Something like JB Weld would probably do quite well, as the bond is strong, flexible, and long lasting.


----------



## Rob Broad (Sep 11, 2005)

when I developed a small crack in my old bag stand I tried silicone to no avail.  Then an uncle told me to use a old screw drive and a torch.  Heat the blade of the screw driver and use it to apartially melt the plactice, and smooth it over the crack.


----------



## dsp921 (Sep 11, 2005)

My experience was opposite the previous two; I tried a two part epoxy on a leak and it would just peel up after the first few solid kicks, I put some quality silicone on it and it has held up well for the past 5 or 6 months.  Guess it depends on the location of the leak and the type of epoxy or silicone used.  I'd be careful heating the plactic too much, you could easily go through and end up with a much larger hole than what you started with.


----------



## Marginal (Sep 11, 2005)

I've read before that Century will replace the bases under their lifetime warranty.


----------



## dsp921 (Sep 11, 2005)

Marginal said:
			
		

> I've read before that Century will replace the bases under their lifetime warranty.
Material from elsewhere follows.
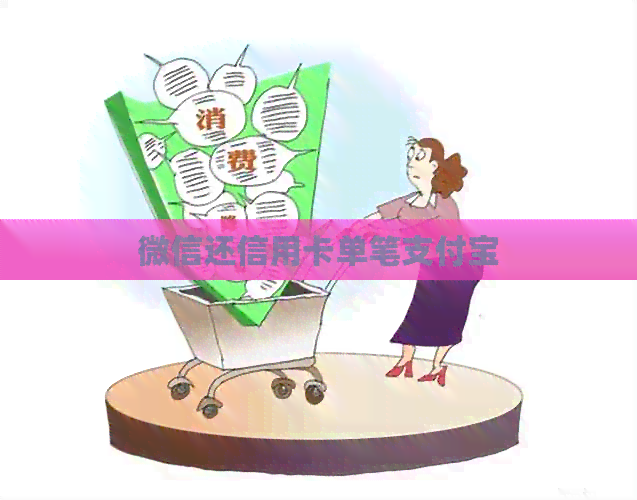 微信还信用卡单笔支付宝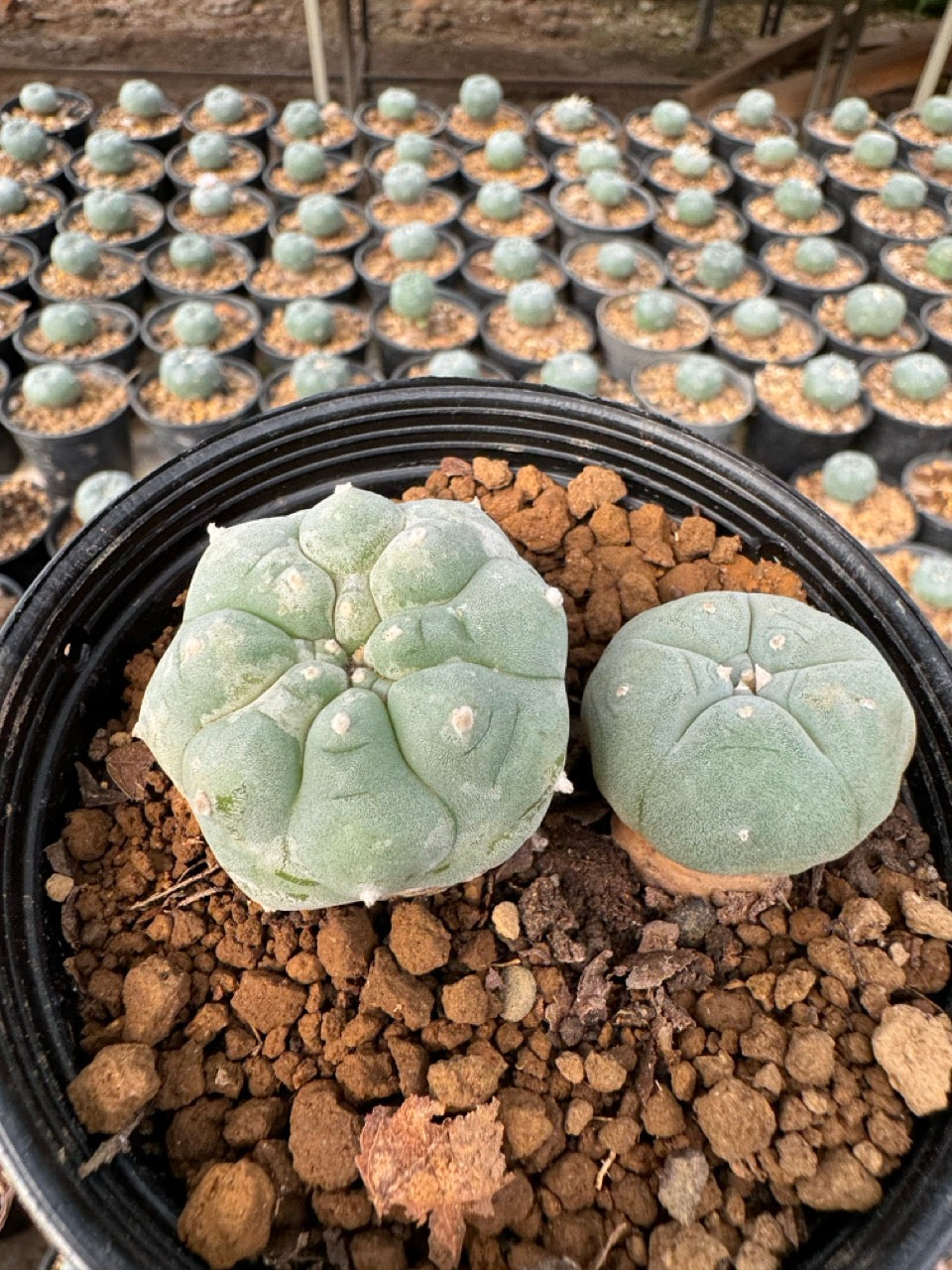 Lophophora williamsii – Peyote Cactus (6–7 cm, Own Root)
That would be nice.  Where did you see this?  Century's web site says 90 days.


----------



## Marginal (Sep 11, 2005)

http://www.karatekorner.com/messageboard/viewmessages.cfm?Forum=18&Topic=1176

I'd first read about it on usenet in the rec.martial-arts group, but there's a similar discussion on it.


----------



## Rob Broad (Sep 11, 2005)

dsp921 said:
			
		

> I'd be careful heating the plactic too much, you could easily go through and end up with a much larger hole than what you started with.



That is why you heat the blade, and use it to move plastic.  Do not apply a direct heat source to the plastic.


----------



## dsp921 (Sep 11, 2005)

Rob Broad said:
			
		

> That is why you heat the blade, and use it to move plastic. Do not apply a direct heat source to the plastic.


That definitely makes sense, but with my luck I'd still end up with a mess.  I'm going to look into that warranty a little more.


----------



## JAMJTX (Sep 11, 2005)

I had one that cracked and Century replaced it.  They did tell me that if it breaks again to fill it with sand.

I assume they will only replace it once.  I also think filling it sand is better option than trying a reapir and filling it with water again.  The advantage to filling it with water is that it is easier to empty if you have to move it.

Jim Mc Coy


----------



## Cthulhu (Sep 11, 2005)

I've just gotten one and I'm slowly filling it with sound. I've only been able to dry half of the 240 lbs of sand that we bought to fill it.

 As for the repair, it depends on the size.  Certain types of model glue actually melt plastic, and may be useful if it's a relatively small leak.

 Cthulhu


----------



## MikeMartial (Sep 11, 2005)

Thanks for all the replies, guys.


I'm going to hit the hardware store this week to look for a super-strong epoxy; the previously fixed "patch" has torn away, so that should do the trick.

And this time, it'll be sand, not water.


----------



## arnisador (Oct 10, 2005)

Cthulhu said:
			
		

> I've just gotten one and I'm slowly filling it with sound.


 An interesting approach. Does it scream when you hit it?


----------